Gaëtan Plein: une semaine de tournée artistique à l’invitation d’écoles secondaires à Berlin

écrit par admin
le 21/12/2007
berlin 2 vopos

BERLIN 1987 2007
Je reviens d’une semaine de tournée artistique à l’invitation d’écoles secondaires à Berlin . J’intervenais dans un cours de langue française pour des adolescents allemands . J’ai raconté quelques uns de mes « contes de l’Ardenne bleue » et animé un cours de caricatures . Cet atelier de dessin était surtout le prétexte de parler à bâtons rompus en français et en allemand avec des ados , amis de la francophonie . Ainsi un professeur d’histoire avait préparé un dossier malicieux qui comparait Berlin au moment ou l’on démolissait le mur (1989) , et l’Europe actuelle des régions, qui tentent de faire sécession . Nos problèmes communautaires belges ont suscité la curiosité . Mais j’ai aussi évoqué quelques pages de notre histoire commune: notre famille royale, les Saxe Cobourg Gotha , Stavelot Malmedy , territoire médiéval , un confetti perdu dans les marches frontalières de l’Empire germanique , Guillaume II à Spa , le champion de FI Schumacker à Francorchamps et enfin , plus dramatiquement , la percée de Joachim Peiper (un berlinois , comme Giacomo Meyerbeer ) au cours de la bataille des Ardennes dans la vallée de l’Amblève en décembre 1944 .

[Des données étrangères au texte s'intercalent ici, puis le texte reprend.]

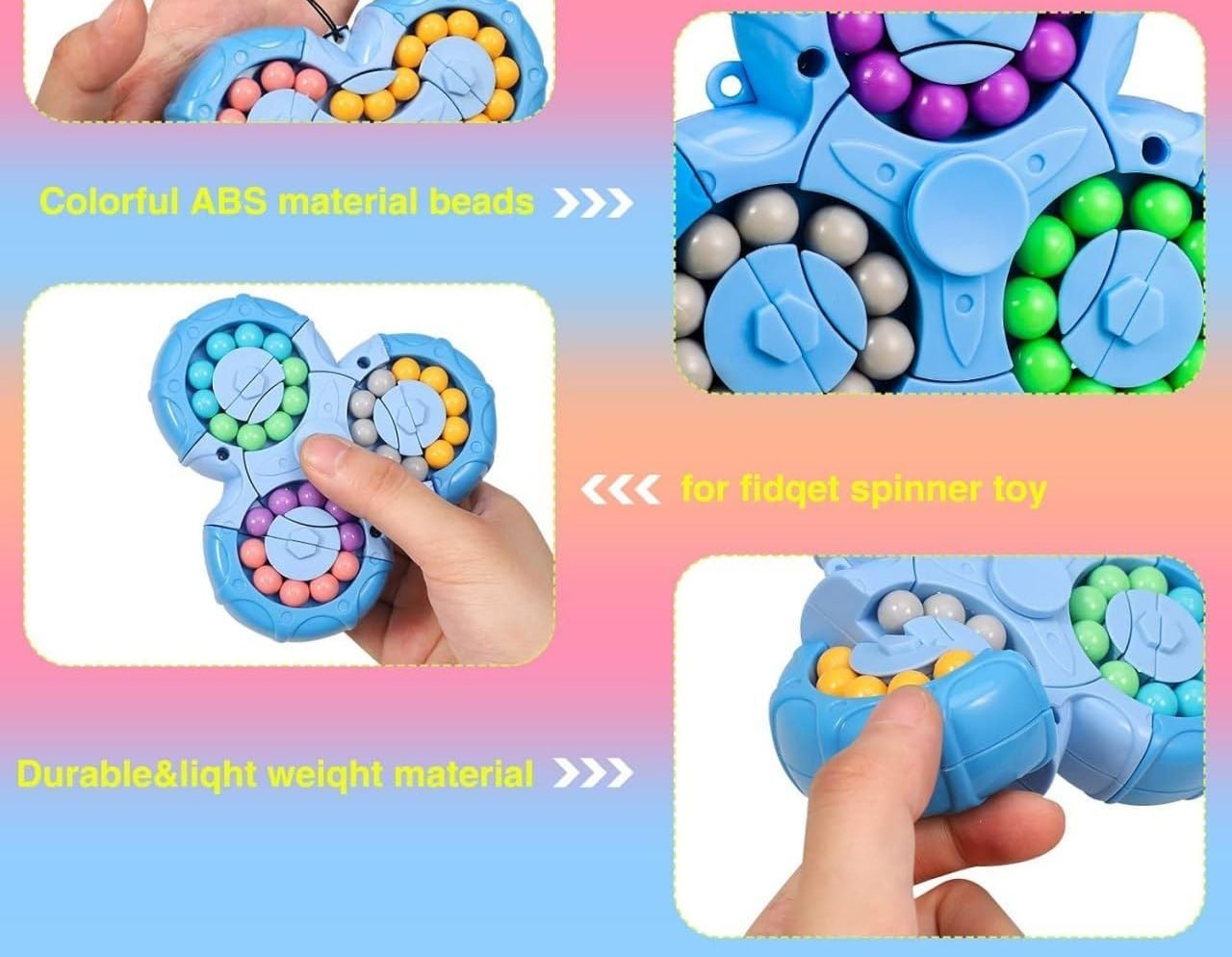 Magical Bean Rotating Toy(double side beads) - Image 14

J’ai fait une prestation dans une école connue pour son approche pédagogique « libre et stimulant la créativité » . (Waldorf schüle) .

Interpréter Voltaire à Sans Souci l’an prochain

Un projet retenu pour le printemps 2008 consisterait à interpréter le personnage de Voltaire à Sans Souci. Je devrai étudier ce personnage captivant et j’ai , dans ce but , visité avec passion le « Versailles prussien » . Les Allemands ont une grande sympathie pour Frédéric II , ce souverain grand général , flûtiste de talent , francophile et architecte d’un véritable bijou : le château de Sans Souci à Potsdam . Ainsi une table ronde dans son palais réunissait en soirée son ami privilégié Voltaire , le musicien Bach (fils) , et des hommes d’esprit s’exprimant en français . Frédéric II avait de l’humour , ce qui est d’ailleurs un trait spécifique des Berlinois : il disait de sa couronne . « Eine Kron ist eine hut in dem es regnet »(je ne garantis pas la grammaire) . = Une couronne est un chapeau dans lequel il pleut ...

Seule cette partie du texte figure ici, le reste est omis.